The presentation describes a large, complex project with a complete paperless manufacturing goal that supports release by exception. For those not familiar with regulated industries, regulatory bodies like the U.S. Food and Drug Administration (FDA) require that all exceptions in the manufacturing process be investigated and signed off before product can be released for sale.

Release-by-exception implies that the exceptions can be reviewed and addressed in real-time, not after the fact, which is typical for paper-based workflows. By moving to a paperless workflow, the number of exceptions can be reduced as the manufacturing rules are enforced in real-time. The business benefit is to reduce the time finished products are warehoused waiting for the exceptions to be addressed. From a financial perspective, this reduces inventory costs and increases inventory turnover.

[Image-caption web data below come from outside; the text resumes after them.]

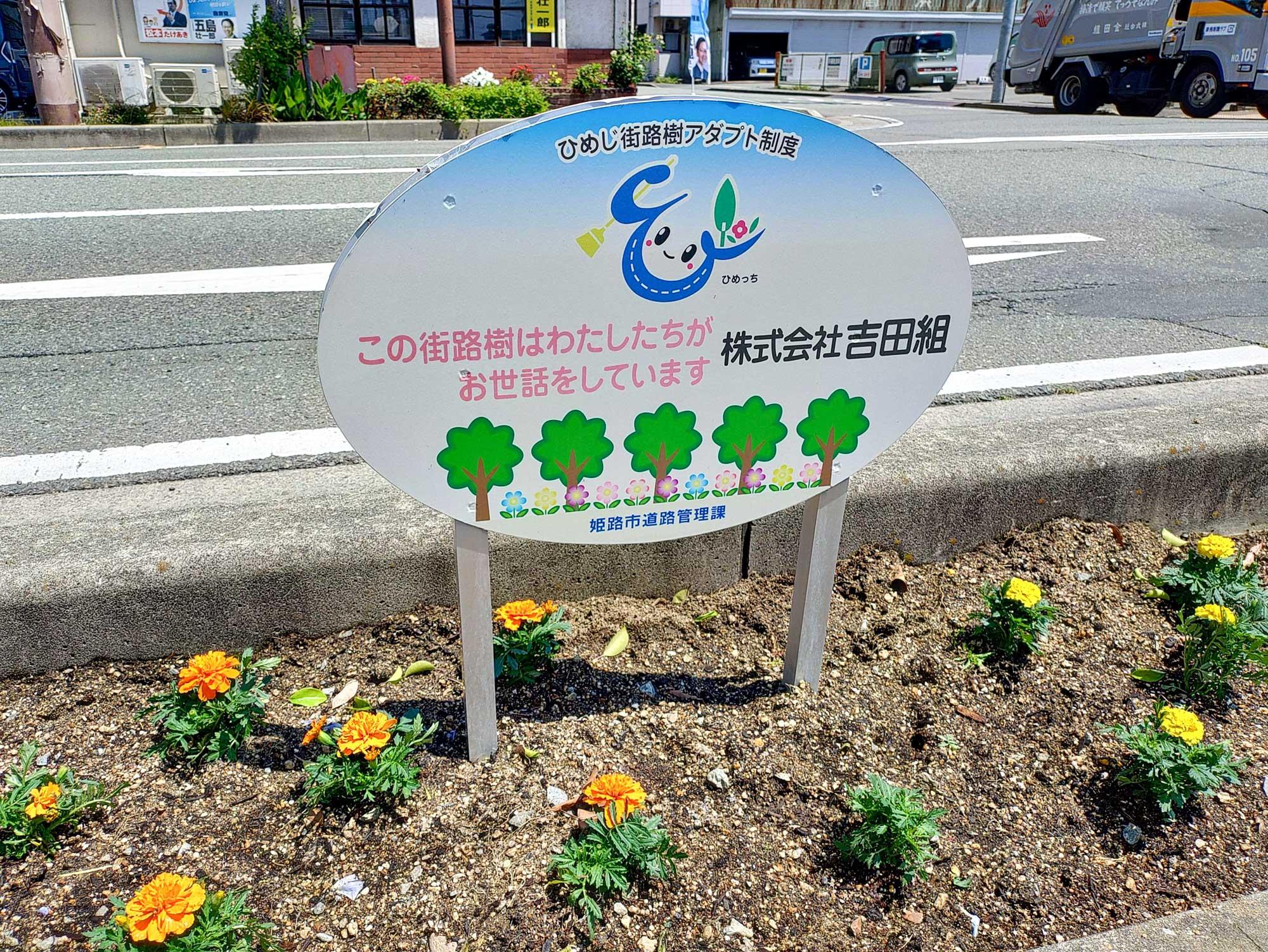 【姫路】YOSHIDA GCが夏の花を植栽！「ひめじ街路樹アダプト制度」で街を華やかに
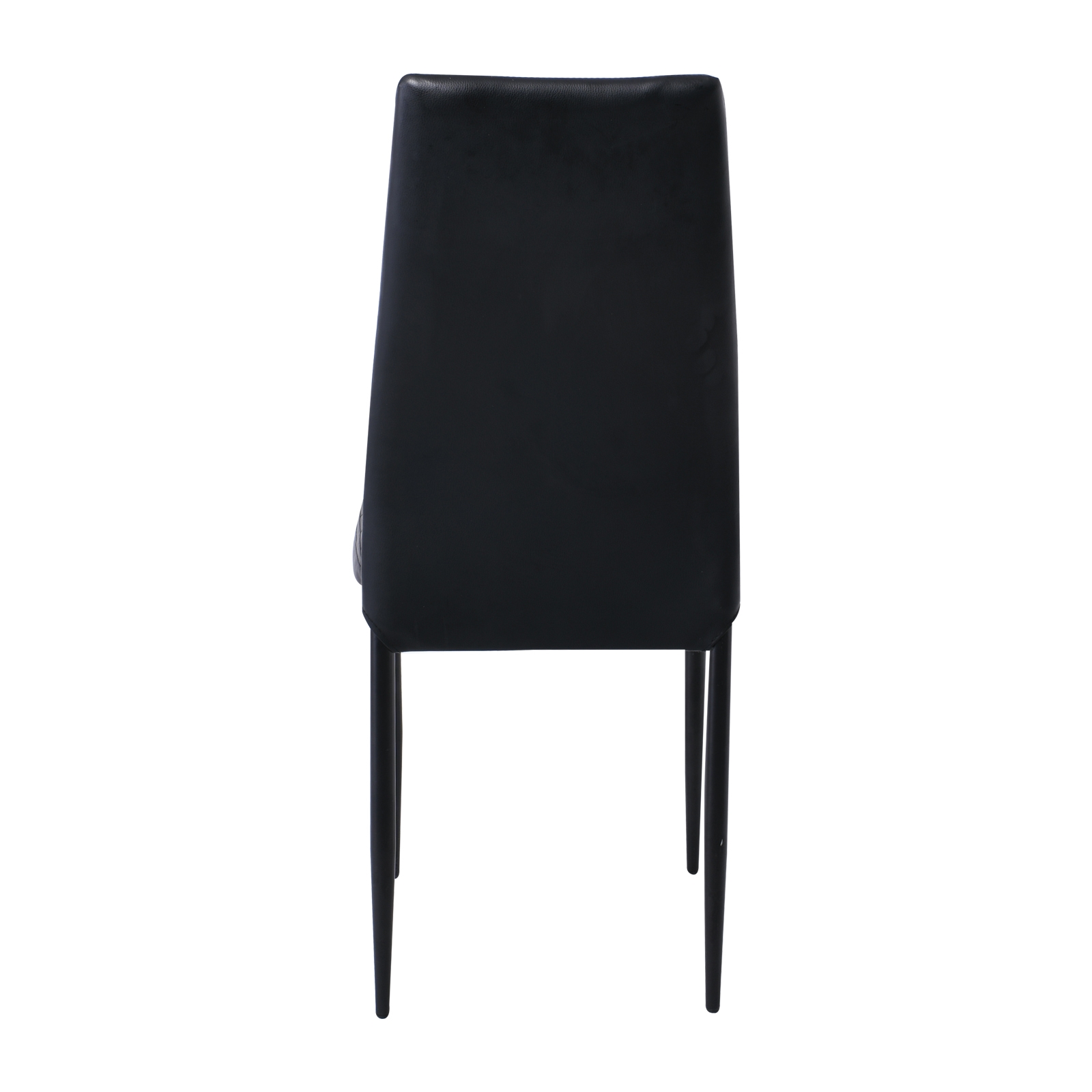 Καρέκλα Tραπεζαρίας Κουζίνας / Μέταλλο Βαφή Μαύρο Pvc Μαύρο 5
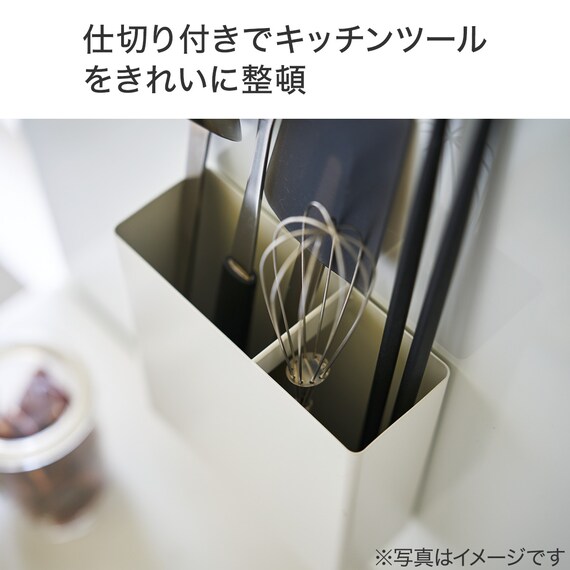 マグネットキッチンツールスタンド(FLAT ホワイト) 5枚目画像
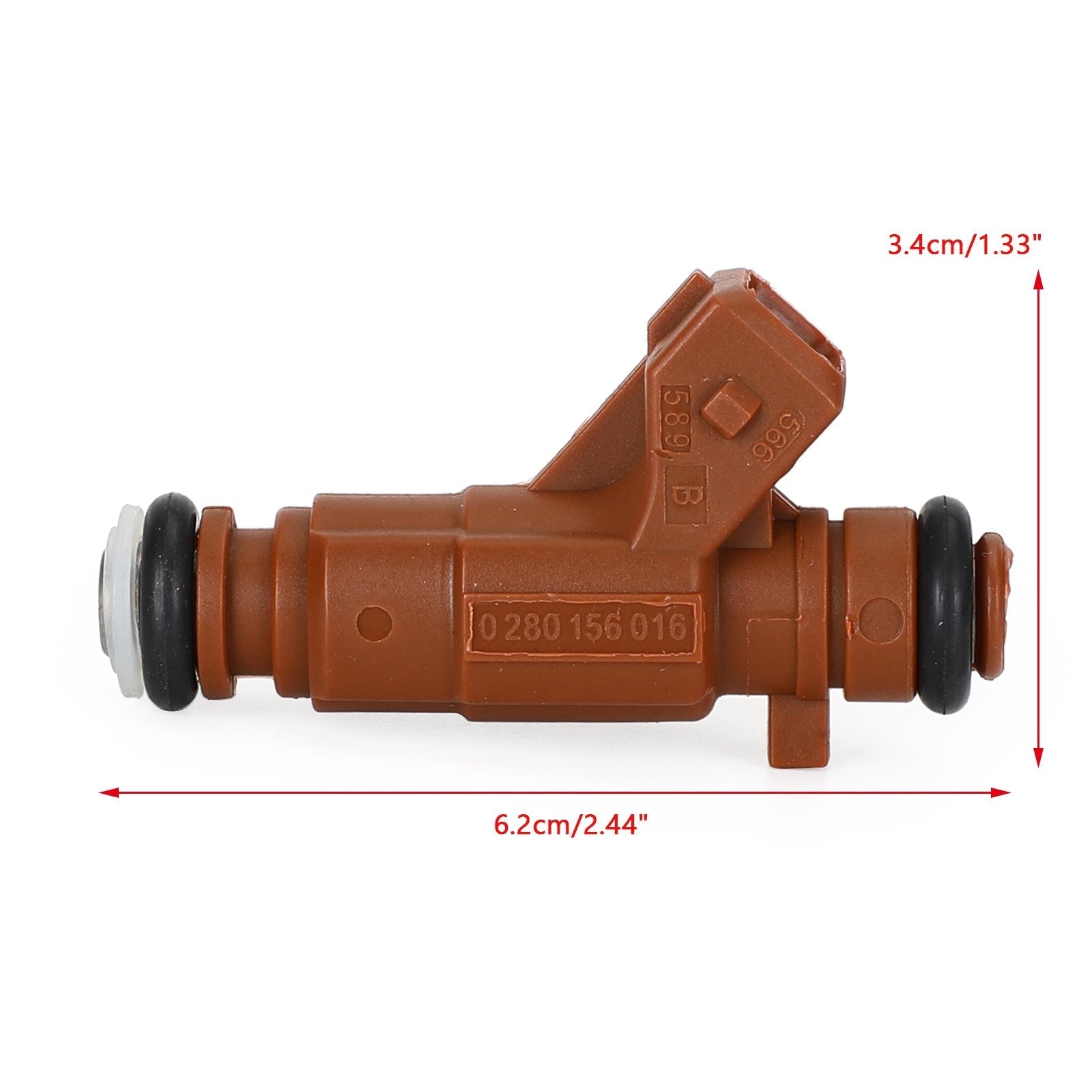 8pcs Fuel Injectors 0280156016 fit Mercedes S500 G500 SL500 E500 CLK50 5.0L 4.3L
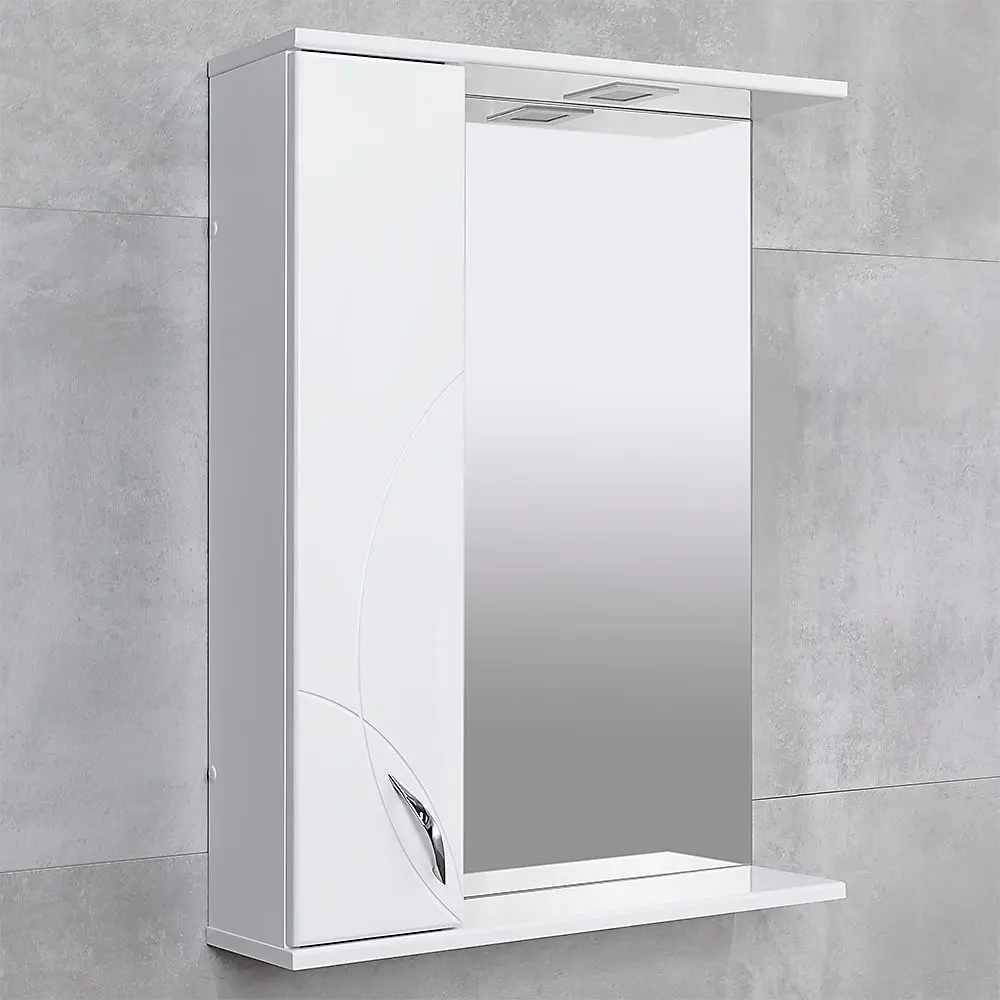 Dulap cu oglinda Bayro Premium 650x750 Left (White) - 4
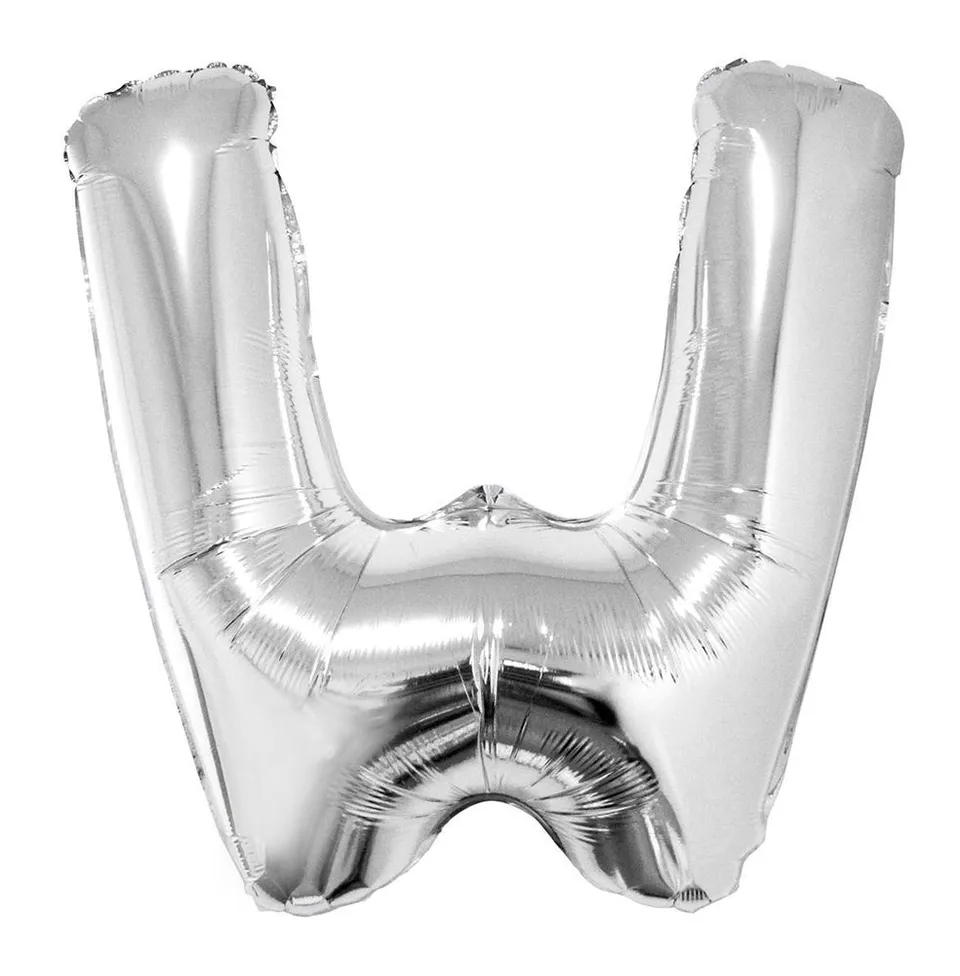 das-kost-mland-xxl-folienballon-buchstabe-w-silber-100-cm image 1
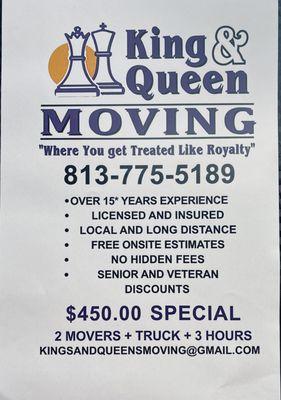 Kings & Queens Moving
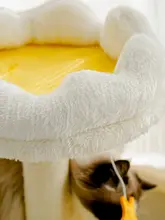洗える雲型キャットタワー【多機能・猫用おもちゃ・可愛いデザイン・猫爪とぎ付き】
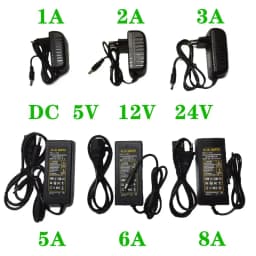 Power Supply Adapter DC 5V 12V 24V 1A 2A 3A 5A 6A DC 5 12 24 V Volt Power Supply Adapter Lighting Led Strip Lamp
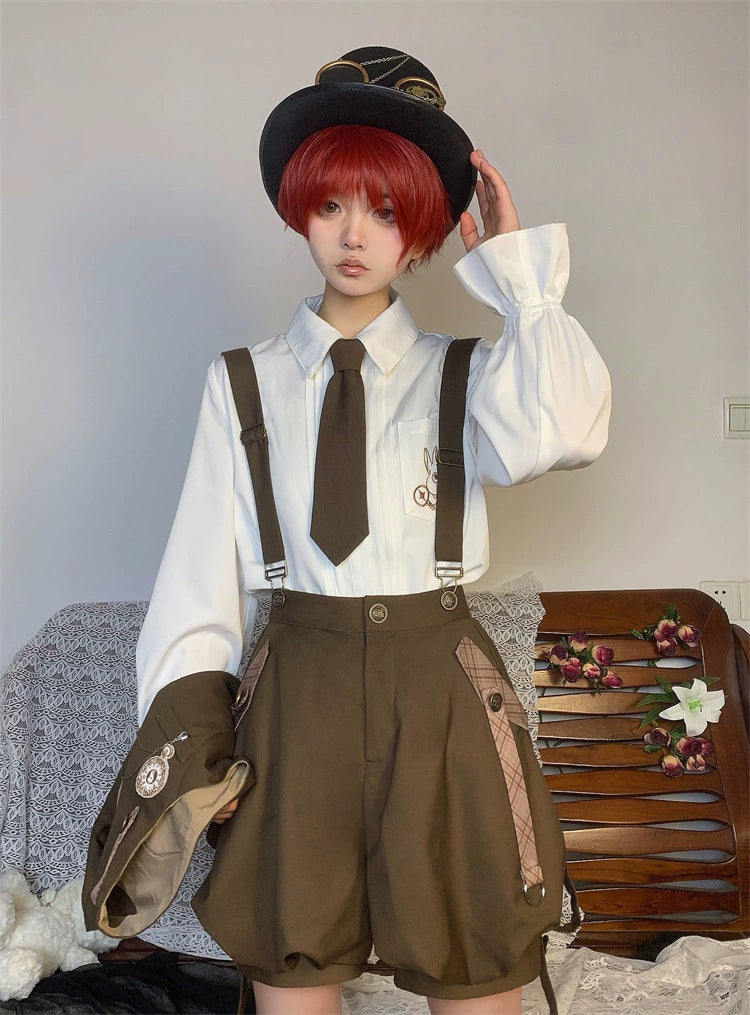 Vintage Ouji Lolita Outfit, Detective-Inspired 42714:782963
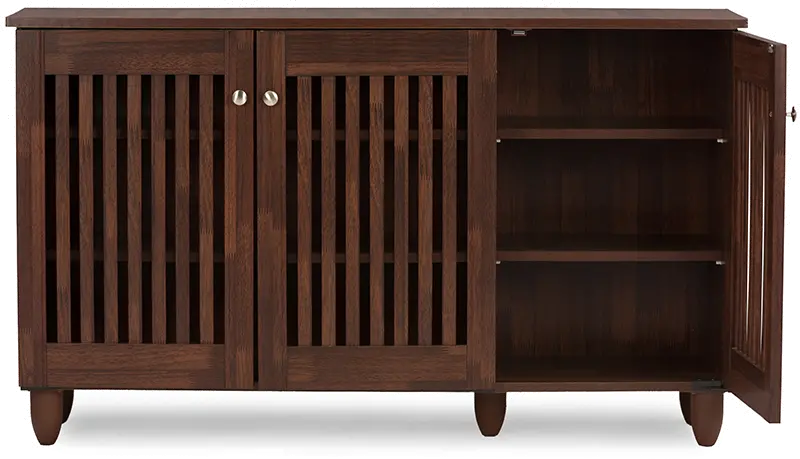 Brown Shoe Cabinet - Fernanda-5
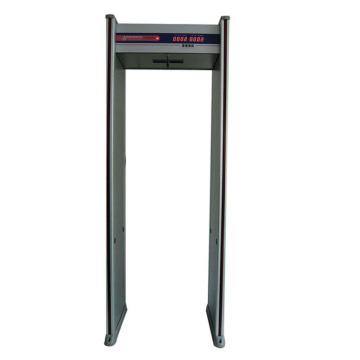 Portable walk through metal detector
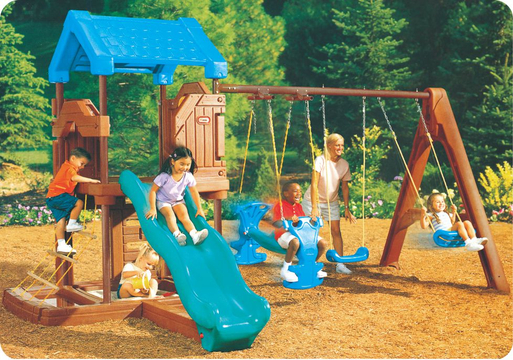 kids outdoor playset outdoor playground equipment custom playground SLWJ-011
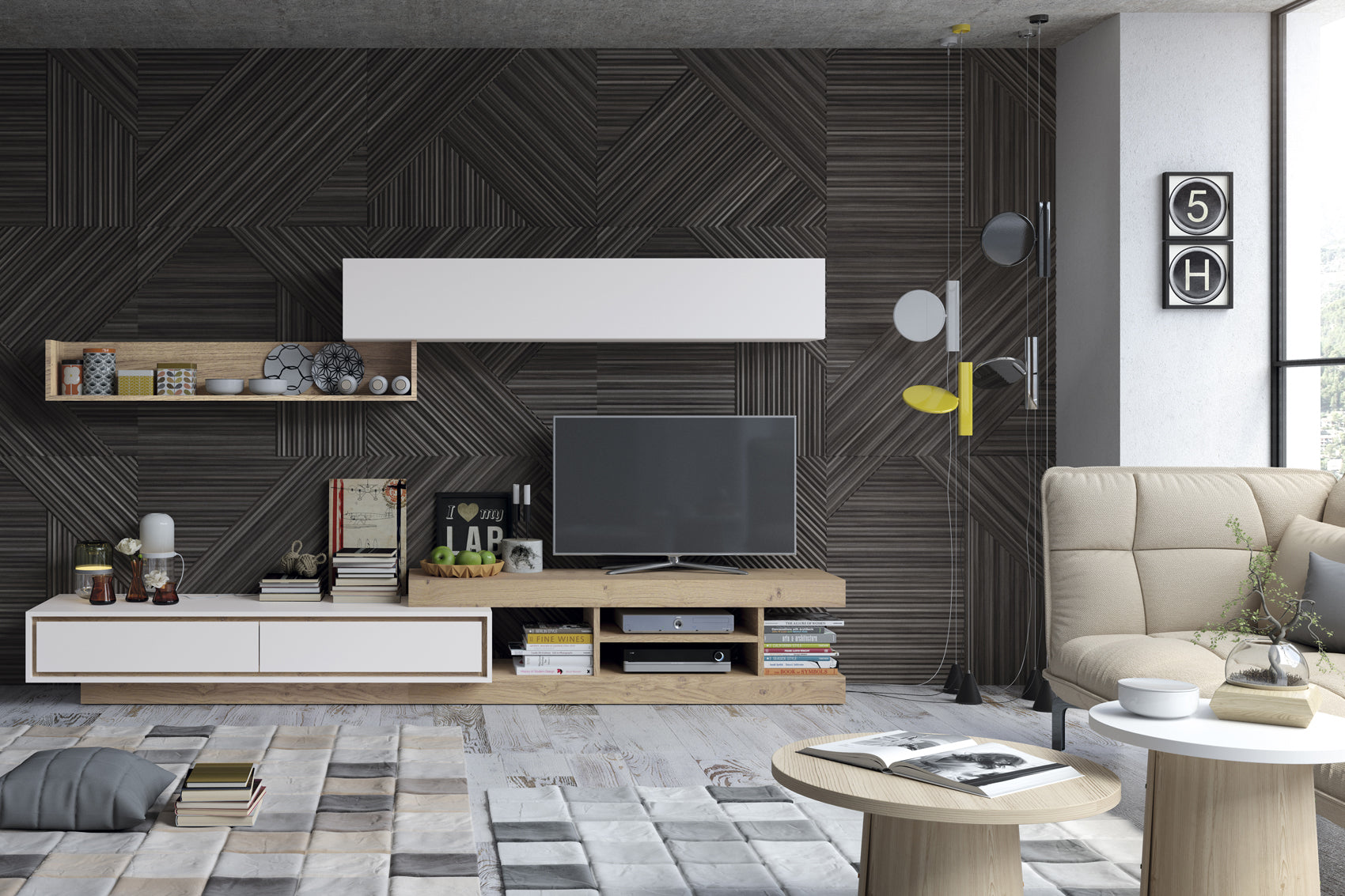 Transform Your Living Space with Garcia, Laurel & Hardy Wall Units From Z Modern Furniture - Alexandria VA & Washington DC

The project included a DeltaV automation system, Syncade manufacturing execution system, SAP enterprise resource planning system, SmartLab laboratory information management system, and Maximo instrument asset management system. All were connected with the Syncade software to drive an electronic workflow process and final electronic batch record.

Christie and her co-presenter offer examples of manufacturing steps, role of electronic workflow, and how it ensures quality and/or expedites the review and release process. An example is the quality assurance (QA) review process. The electronic workflow enables presentation of the electronic batch record (EBR) in a checklist form for QA review. It ensures quality and/or expedites the review process by launching the notification for QA review in real time and providing a view that displays the relevant information in the familiar QA checklist format.

The presentation also shares the S88 (ISA-88) approach taken, specifically the bioreactor process control at the control system level and workflow connections at the MES (manufacturing execution system) level between the software applications mentioned above.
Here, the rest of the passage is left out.